The significant amount of related literature found during the review period led to identifying numerous issues and implications. Many of the concepts raised during the preparation of this report are interrelated.
2.1 Big Picture Influencers
Many larger societal and technological trends have implications to TMC operations, oftentimes driving the ITS trends. At the most overarching level, the proliferation of mobile communications is revolutionizing many aspects of our lives. Mobile communications can generate large volumes of data used by TMCs, transmit that data almost instantaneously, allow travelers to access TMC-generated information almost continuously, and even provide more convenient platforms to monitor, test, and maintain field devices and other TMC equipment. The advances in mobile communication are based on the technology advances in mobile communications networks, advancing from third generation (3G/GSM) to fourth generation (4G) technologies in 2011. The bandwidth and speed enhancements of each new generation of the mobile network are significant. The next generation (5G) will provide another increase in capabilities, likely geared toward intelligent networks that can handle billions of connected devices and remain stable and reliable. A closely related influence is the rise of social media. The public is beginning to expect personalized two-way communication that they can interact with, not only from commercial enterprises, but from their governments as well. Overall, computing continues to advance, such as sophistication in analysis and prediction for decision support systems and automation tools, ability to process massive amounts of data from varied sources extremely quickly, and potential to function and store information in a distributed cloud environment.

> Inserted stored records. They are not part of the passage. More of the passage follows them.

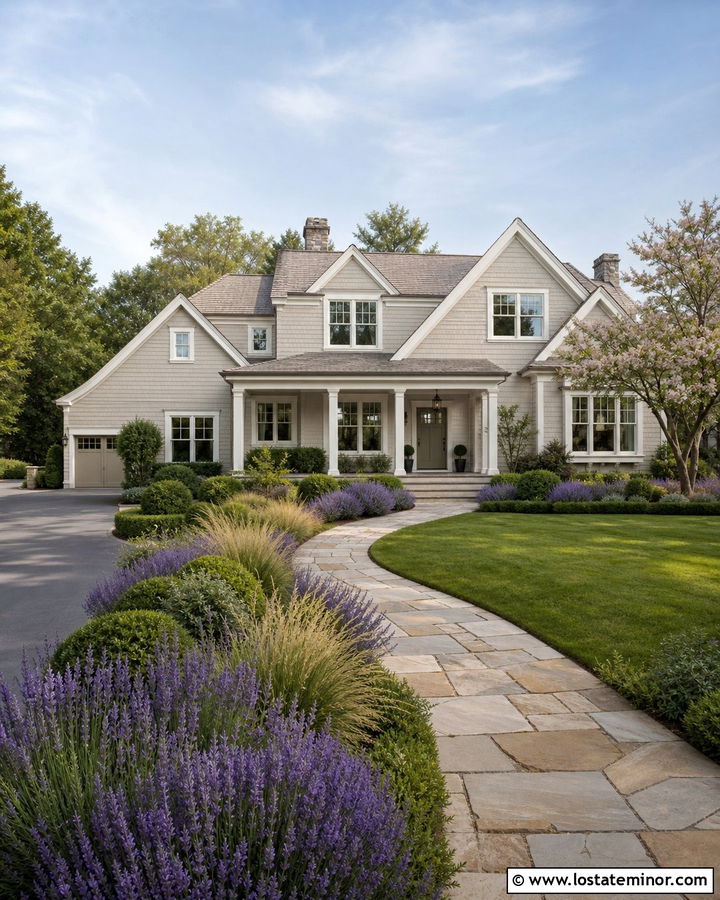 Warm Greige House With Curved Walkway - 30 Greige House Design With Front Yard Ideas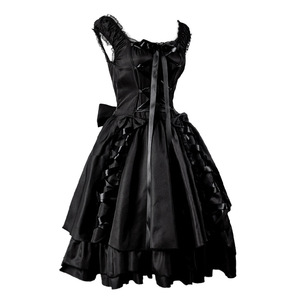 Vestido Gótico Vintage para <span class=keywords><strong>Mujer</strong></span> para Fiesta, Clásico Negro Línea A, Vestido <span class=keywords><strong>de</strong></span> Cosplay con Encaje en Capas y Cordones, <span class=keywords><strong>Disfraz</strong></span> <span class=keywords><strong>de</strong></span> Lolita Gótica para Halloween - Product Image 3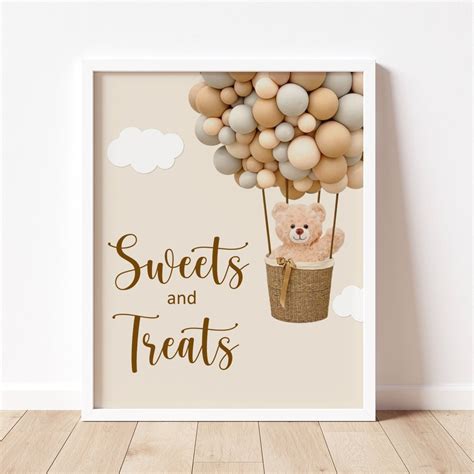 Sweets Treats Sign Teddy Bear We Can Bearly Wait Baby Shower Hot Air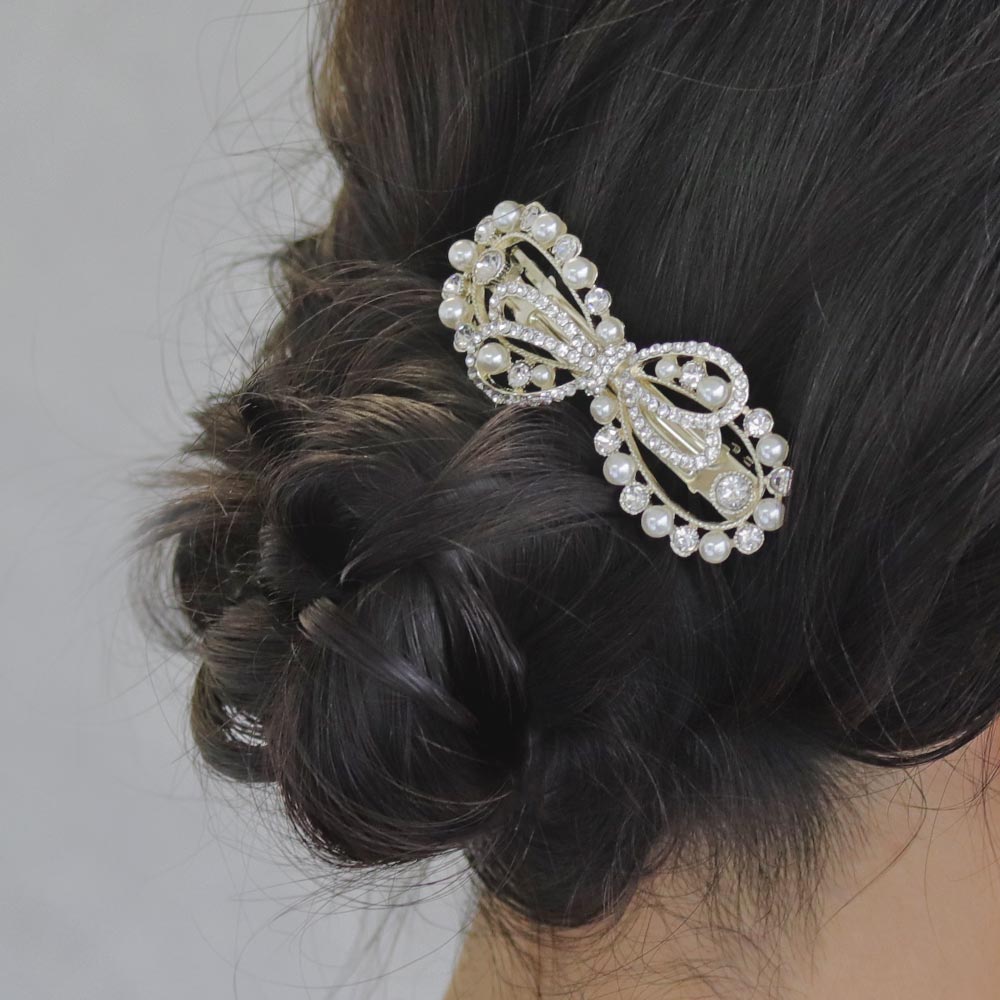 Jeweled Bow Hair Barrette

Another general influence is changes to funding opportunities. As capital budgets shrink, there will be increasing emphasis on systems management and operations over traditional construction projects. While this generally favors operations, it may be increasingly difficult to fund ITS system expansion, especially in areas where ITS infrastructure construction has been integrated with major roadway work. Funding is also increasingly being tied to performance monitoring and management. While there are established measures for things such as pavement roughness, TMC systems may need to identify appropriate measures of effectiveness for such amorphous things as driver satisfaction over “tweeted” construction updates. Also, even when data is collected on output measures (such as number of service patrol stops) and outcomes (such as travel time reliability and incident duration), those performance measures are not always used to report system performance or to manage the operations of agencies.

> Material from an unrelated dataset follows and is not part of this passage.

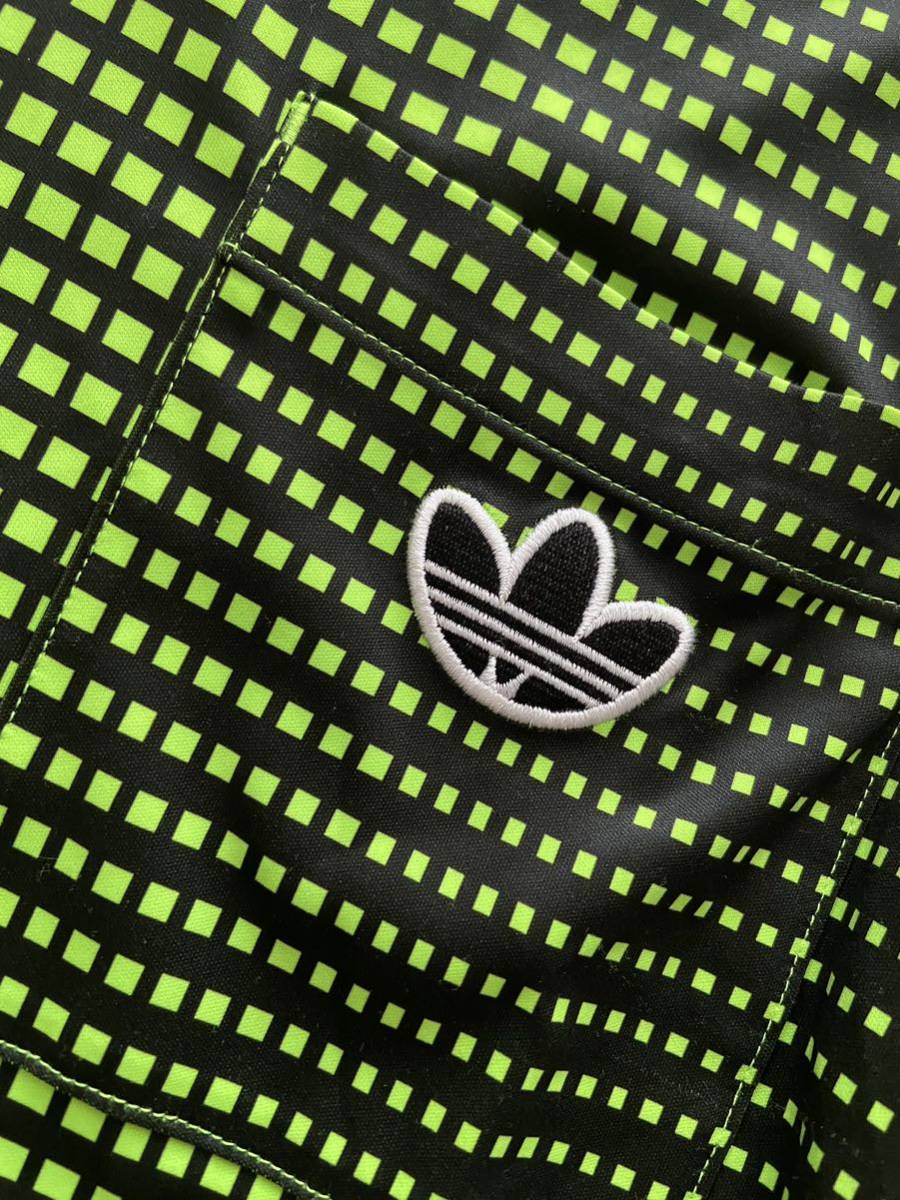 adidas 長袖ポロシャツ sizeL? チェック柄 アディダス 黄緑 イエロー ブラック　PAKAIAN_画像3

New funding sources will also be necessary to replace shrinking gas tax revenues. Not only are vehicles becoming more efficient, but also alternatively fueled vehicles reduce the correlation between vehicle miles traveled and gas consumption. Raising gas taxes is also politically unpalatable in most locations. One potential method of generating revenue is pricing, which includes both traditional fixed rate tolling and other applications such as congestion pricing zones. TMC systems may be integrated with the payment systems and variable toll displays, increasing requirements for system reliability and security.

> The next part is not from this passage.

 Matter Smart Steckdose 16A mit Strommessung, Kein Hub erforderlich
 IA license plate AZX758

Vehicle-based systems are also on the horizon for influencing TMC operations. Car manufacturers, governments, and research institutions are collaborating on a range of connected vehicle technologies. The vehicle-to-infrastructure initiatives, such as Road Weather Management, are most likely to just begin to influence TMC operations within the next 10 years. Factory-installed vehicle sensors that continuously collect data on vehicle conditions such as headlights and windshield wipers, along with measurements on ambient temperature, pressure, and humidity, will provide accurate and real-time information to help TMCs reduce the number and severity of weather-related traffic incidents. The manner in which drivers and vehicles interact with the roadways could begin to change near the end of the 10 year window, as various levels of autonomous vehicle technologies begin to get introduced and “super cruise control systems” and other robotic technologies gain market penetration. Finally, the proliferation of technology resident and carried into the vehicle has set up a scenario where distracted driving will likely continue to be a concern.
Primary groupings of the technology trends (in no particular order) are as follows:
- Data and Communications;
- Connected Vehicle;
- Agency Processes;
- Control Technologies; and
- Traveler Information.
Highlights of each category are described in the sections below.
2.2 Data and Communications Category
Within the data category, a major trend is the rise of third-party involvement in ITS data. Third parties not only provide a wide and varied stream of data to TMC operators, they also consume data provided by TMCs for their own applications and distribution channels. This requires defining institutional responsibilities for the public and private sectors, such as requirements for quality control of data. In the longer term, the involvement of third parties in the traditional TMC roles of collecting and distributing data may lead to a shift in focus of TMC operations to a more exclusive traffic management role. However, TMCs will need to continue collecting data that is not of commercial interest, such as vehicle volume and weight data used in pavement and bridge management. A common theme in ITS data is the need to process, manage, analyze, validate, display, share, and store the increasing diversity, content, and coverage of data streams, including those representing the driver perspective. As multi-sourced data is made available and shared across agencies, the need arises for increased data storage and archiving capability. A potential solution is to rely on cloud servers for data management. Eventually, high-capacity, low latency, mesh or wide-area networks will provide virtually ubiquitous coverage that could be leveraged by TMC operators and others to collect and distribute data. With the development of next- generation wireless networks comes the opportunity for efficient data transfer and increased geographic coverage of rural freeways and arterials.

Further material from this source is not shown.